WHAT THE EXERCISE ASKS:
Two lines in the data below mark the range: the one with "日本　滋賀県東近江市にある永源寺の山門と紅葉" and the one with "Buy canvas prints". Return both, along with every line between them, exactly.

LISTED ENTRIES:

((

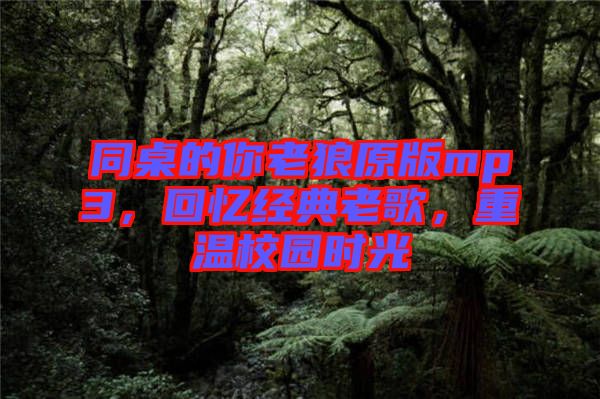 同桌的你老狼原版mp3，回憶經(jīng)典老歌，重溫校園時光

))
((

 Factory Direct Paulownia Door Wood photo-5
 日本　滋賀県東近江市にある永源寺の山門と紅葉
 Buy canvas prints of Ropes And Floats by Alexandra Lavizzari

))
((

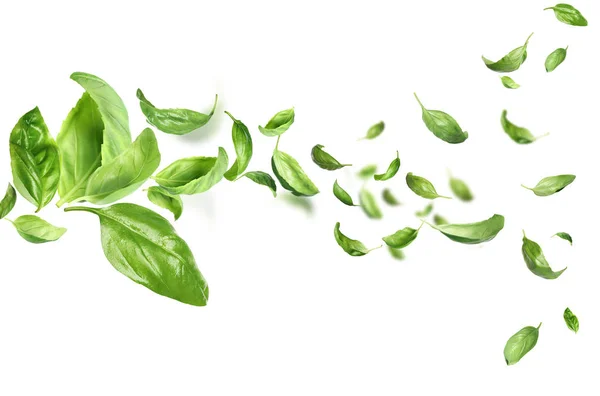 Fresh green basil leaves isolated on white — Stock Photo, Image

))

FINAL ANSWER:
 日本　滋賀県東近江市にある永源寺の山門と紅葉
 Buy canvas prints of Ropes And Floats by Alexandra Lavizzari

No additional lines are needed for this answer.